**What you will do**
Take the lines from the one containing "DancingYellow net party" through the final line below and restate them exactly. Omit the pictures.
*** Recorded data Section Begins ***
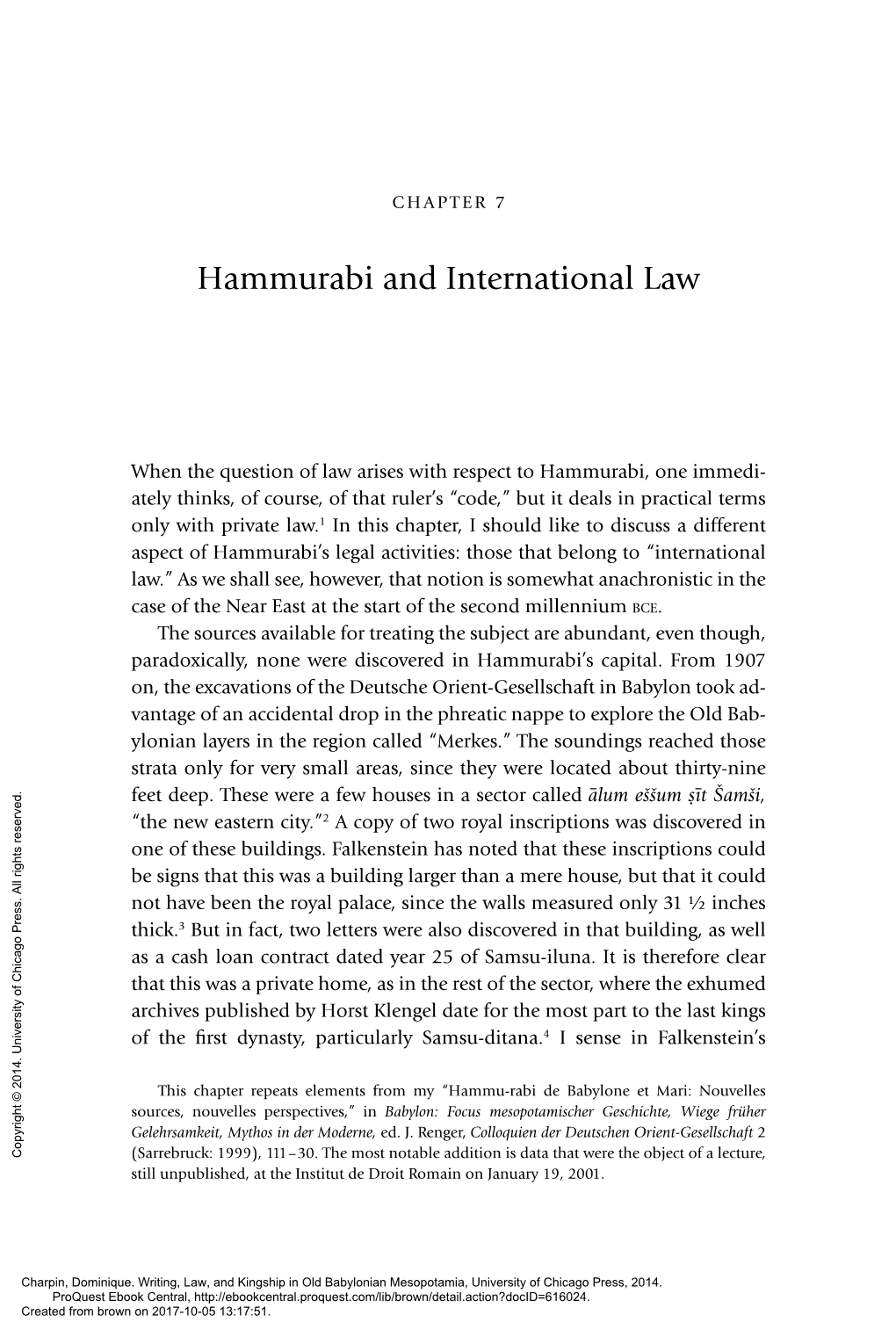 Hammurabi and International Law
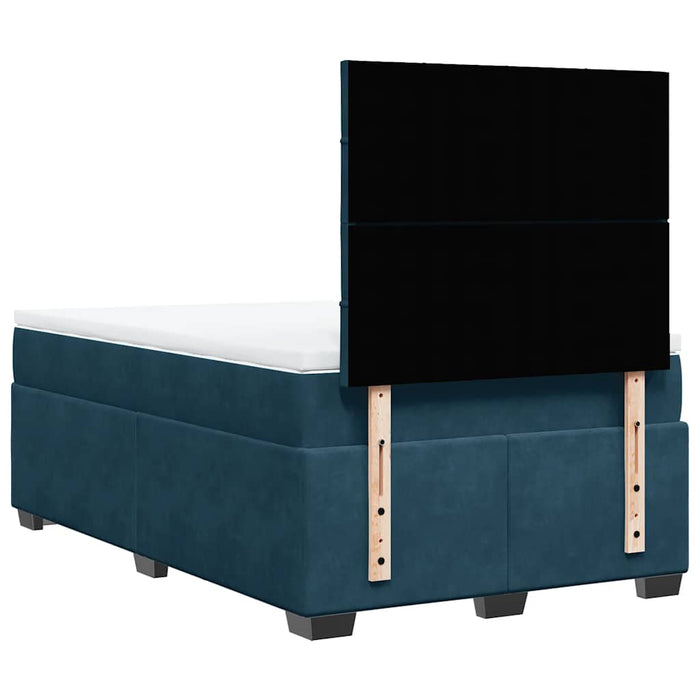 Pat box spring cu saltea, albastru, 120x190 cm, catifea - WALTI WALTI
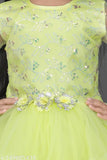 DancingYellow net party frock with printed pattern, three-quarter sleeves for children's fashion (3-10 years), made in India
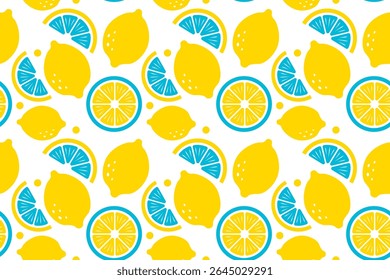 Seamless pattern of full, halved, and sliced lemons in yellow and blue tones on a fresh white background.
*** Recorded data Section Ends ***
**Response for this exercise**
 DancingYellow net party frock with printed pattern, three-quarter sleeves for children's fashion (3-10 years), made in India
 Seamless pattern of full, halved, and sliced lemons in yellow and blue tones on a fresh white background.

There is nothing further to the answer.